Interpretive Summary: Genomic selection, a breeding method that promises to accelerate rates of genetic gain, requires dense, genome-wide marker data. Genotyping-by-sequencing can generate such a large number of markers. However, these markers typically have a large proportion of missing data. Missing data can be filled in using a process called imputation for which algorithms have been developed for species that have been sequenced. That sequence enables markers to be ordered. Algorithms suited for unordered markers have not been rigorously evaluated. Using four empirical datasets, we evaluated and characterized four imputation methods (k-nearest neighbors, singular value decomposition, random forest regression, and expectation maximization) in terms of their imputation accuracies and the factors affecting accuracy. The effect of excluding markers with a large proportion of missing data on the genomic selection accuracy was also examined. Our results show that imputation of unordered markers can be accurate especially when linkage disequilibrium between markers is high, and genotyped individuals are related. Of the methods evaluated, random forest regression imputation produced superior accuracy. All four imputation methods we evaluated led to improved genomic selection accuracies when the level of missing data was high. Including rather than excluding markers with a large proportion of missing data nearly always led to greater GS accuracies. We conclude that high levels of missing data in dense marker sets is not a major obstacle for genomic selection, even when marker order is not known.

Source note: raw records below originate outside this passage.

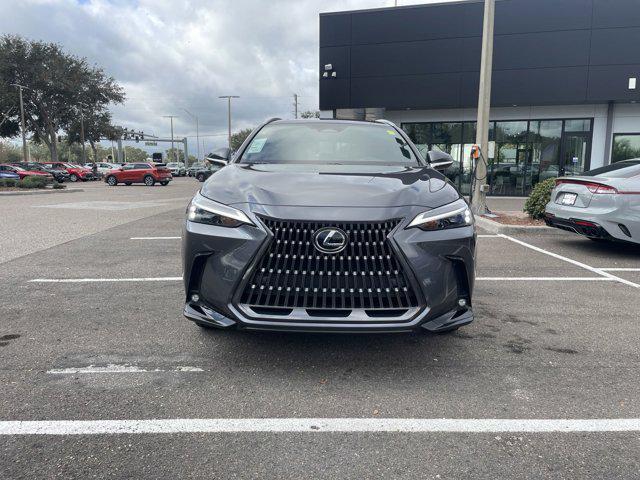 used 2025 Lexus NX 250 car, priced at $42,587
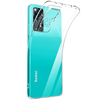 Przezračno zaštitno kućište za Xiaomi Redmi Note 11S/Redmi Note 10 4G - Prozirna KP23664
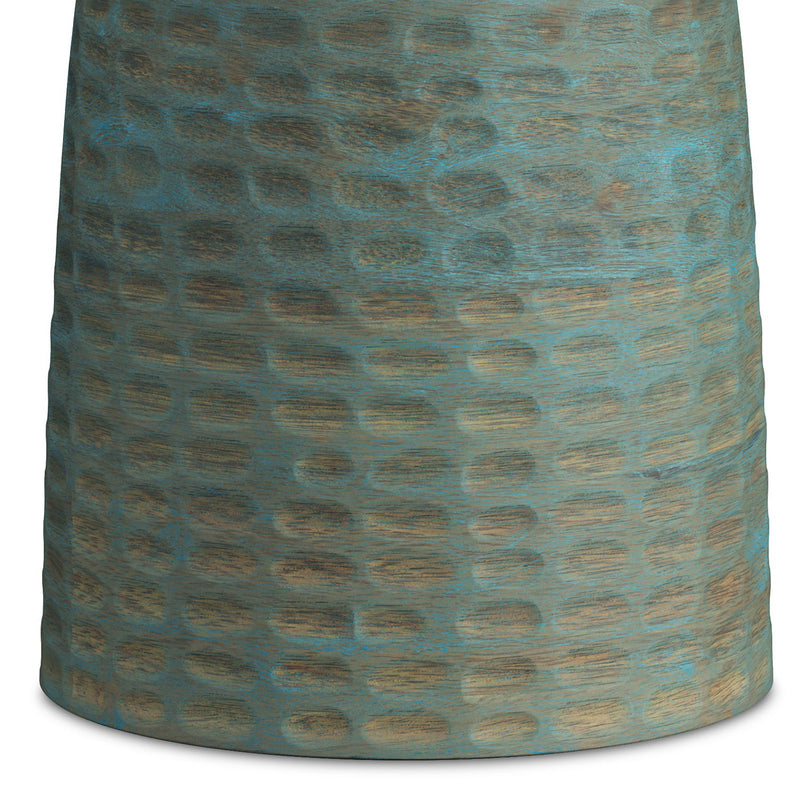 Boyd - Handcrafted Wooden Accent Table - R&R Furniture Gallery (Fountain Valley, CA)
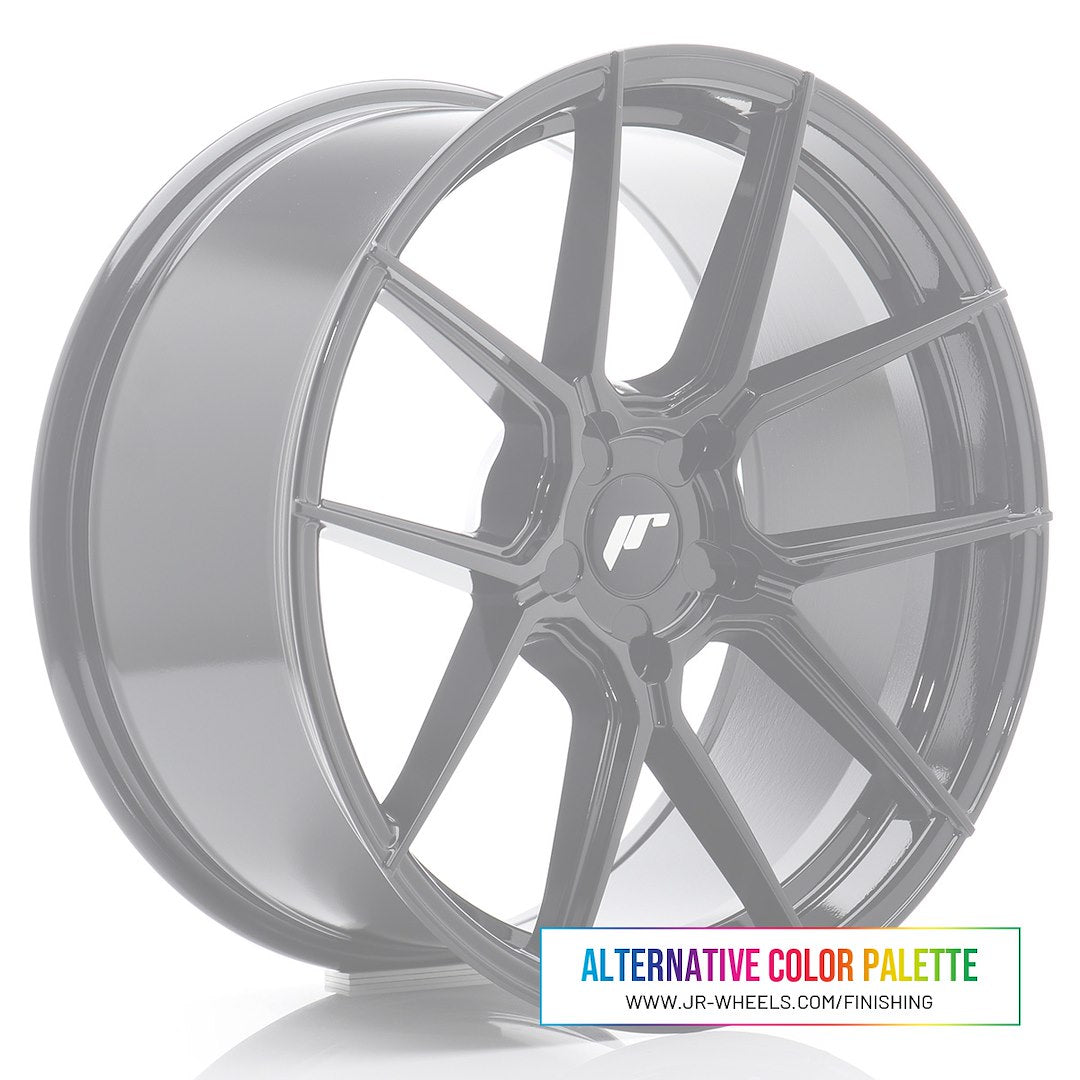 JR30 19x9.5 ET20-40 Aangepaste PCD Aangepaste afwerking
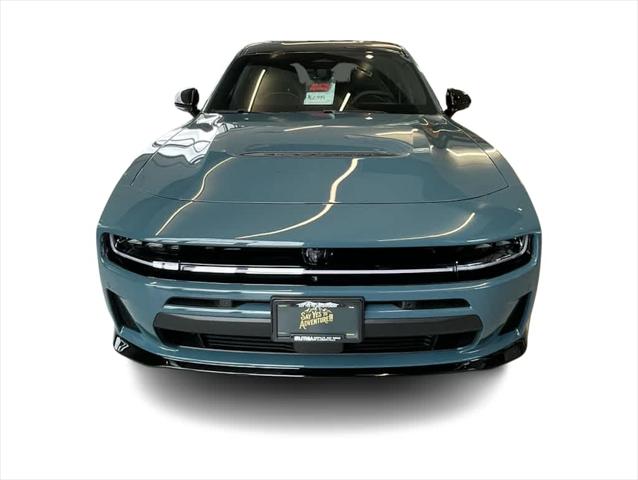 2026 Dodge Charger CHARGER R/T PLUS 4-DOOR AWD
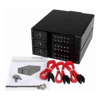 PC Case Mods / Accessories - StarTech STARTECH.COM 3 BAY 3.5" SATA/SAS TRAYLESS MOBILE Rack BACKPLANE | Wholesale IT Computer Hadware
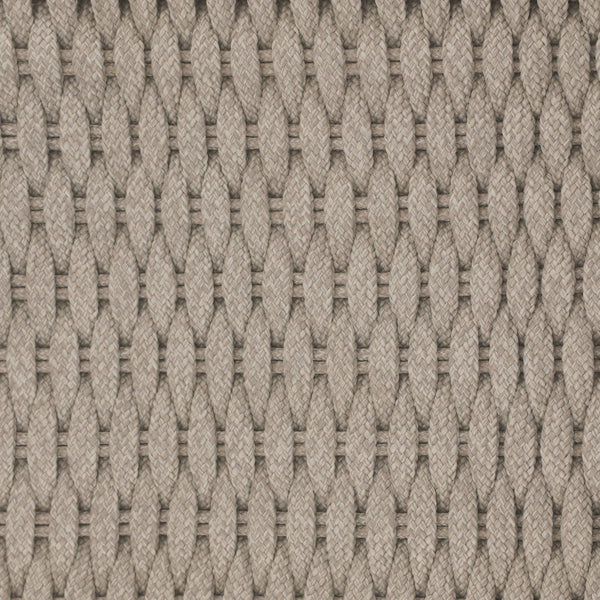 Bruno Outdoor Chair - Ivory Rope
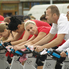 III. Spinning Maraton Körmenden - Négy óra közös tekerés a Fő téren (fotóriport)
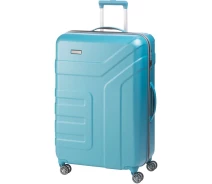 Придбати - валізу  Валіза Travelite VECTOR/Turquoise на 4 колесах L TL072049-21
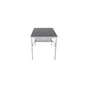 Туристичний стіл Bo-Camp 100x70 cm Grey (1404417) (DAS303279) - зменшене зображення 4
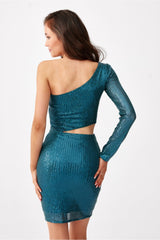 Vestido de noche modelo 183761 Roco Fashion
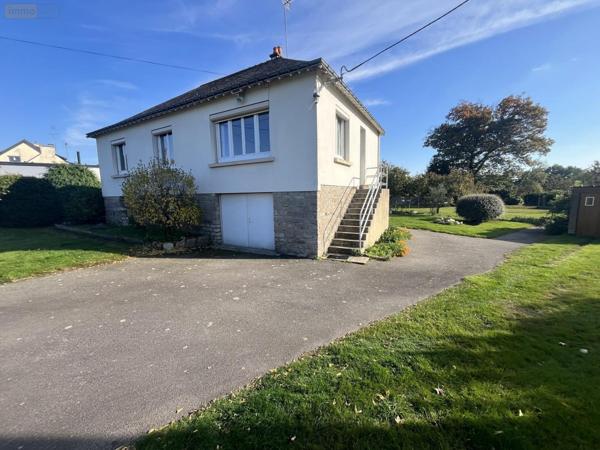 Maison individuelle à vendre à Ploërmel dans le Morbihan (56800), ref : VM3387-56044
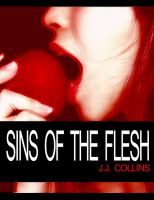 Cover for 'Sins of the Flesh'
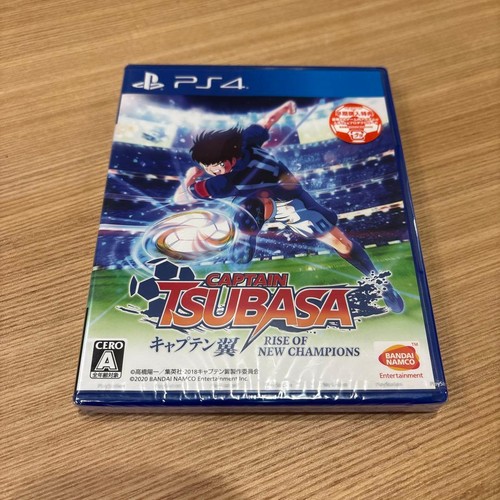 Captain tsubasa rise new - captain,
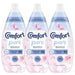 Comfort Fabric Conditioner Heaven Scent Assorted 86 Wash Packs Laundry - Fabric Conditioner Comfort Pack of 3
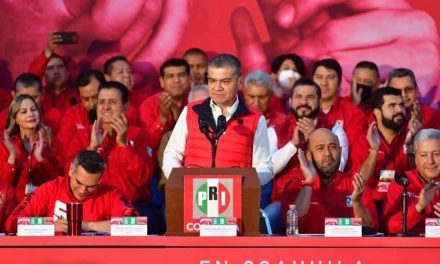 El priismo en Coahuila no se asusta y ganará en el 2023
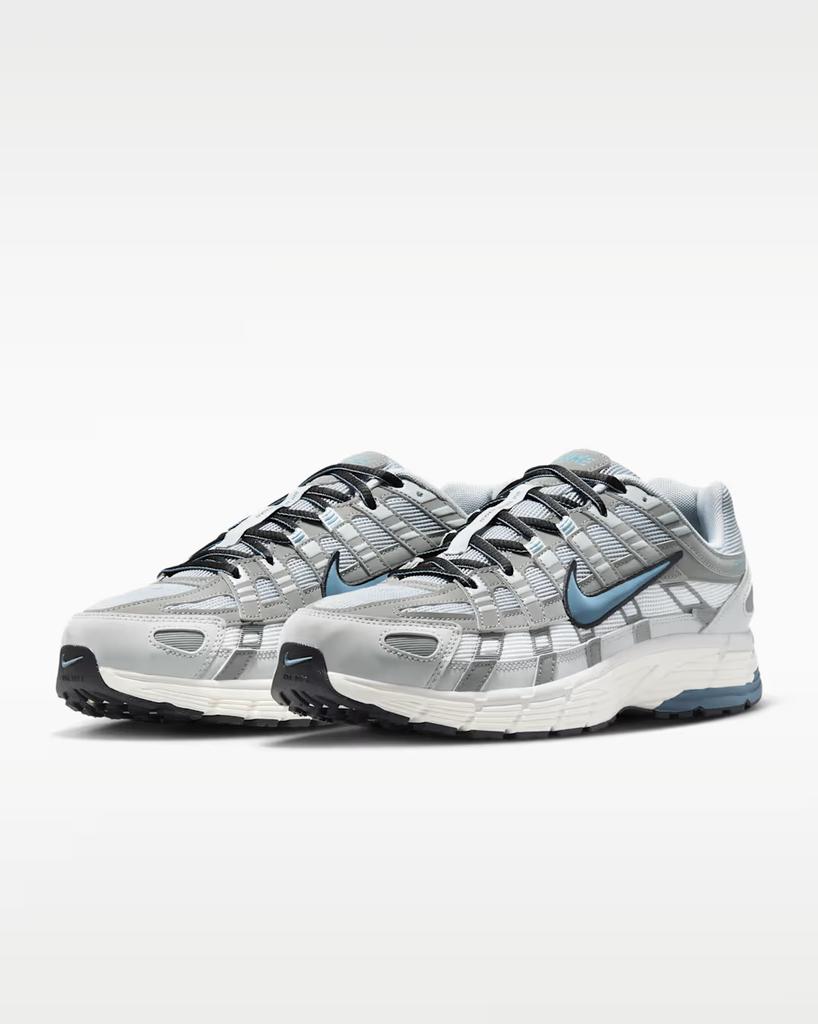 IR5279-003 Nike P-6000 "Light Smoke Grey/Blue Graphite" (Мужской)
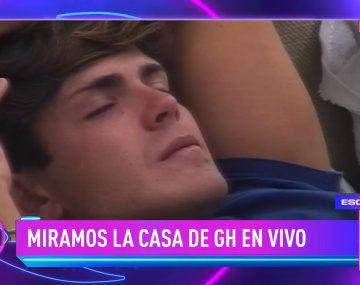 Gran Hermano: ¿Agustín hizo llorar a Marcos?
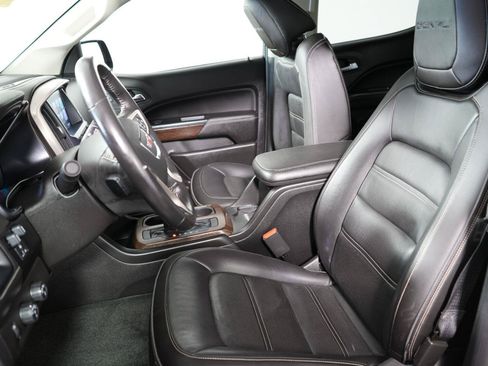 Used 2018 GMC Canyon Denali AWD/4WD image 26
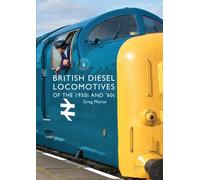 British Diesel Locomotives of the 1950s and '60s: (Shire Library)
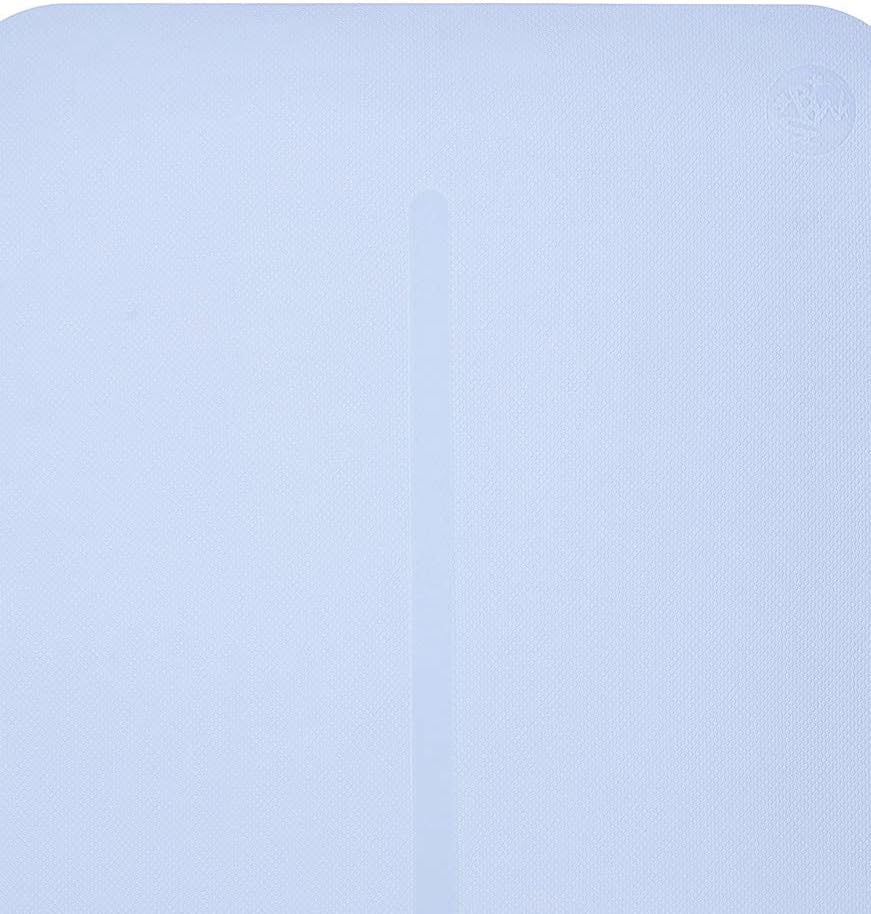 Manduka Begin Yoga Mat 68" - 5mm Cushioning | Comfortable, Lightweight & Reversible with Alignment Stripe | Budget-Friendly | 68 x 24 inches - Image 4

Technical Abstract: Genomic selection, a breeding method that promises to accelerate rates of genetic gain, requires dense, genome-wide marker data. Genotyping-by-sequencing can generate a large number of de novo markers. However, without a reference genome, these markers are unordered and typically have a large proportion of missing data. Because marker imputation algorithms were developed for species with a reference genome, algorithms suited for unordered markers have not been rigorously evaluated. Using four empirical datasets, we evaluate and characterize four such imputation methods referred to as k-nearest neighbors, singular value decomposition, random forest regression, and expectation maximization imputation in terms of their imputation accuracies and the factors affecting accuracy. The effect of imputation method on the genomic selection accuracy is assessed in comparison with mean imputation. The effect of excluding markers with a large proportion of missing data on the genomic selection accuracy is also examined. Our results show that imputation of unordered markers can be accurate especially when linkage disequilibrium between markers is high, and genotyped individuals are related. Of the methods evaluated, random forest regression imputation produced superior accuracy. In comparison with mean imputation, all four imputation methods we evaluated led to higher genomic selection accuracies when the level of missing data was high. Including rather than excluding markers with a large proportion of missing data nearly always led to greater GS accuracies. We conclude that high levels of missing data in dense marker sets is not a major obstacle for genomic selection, even when marker order is not known.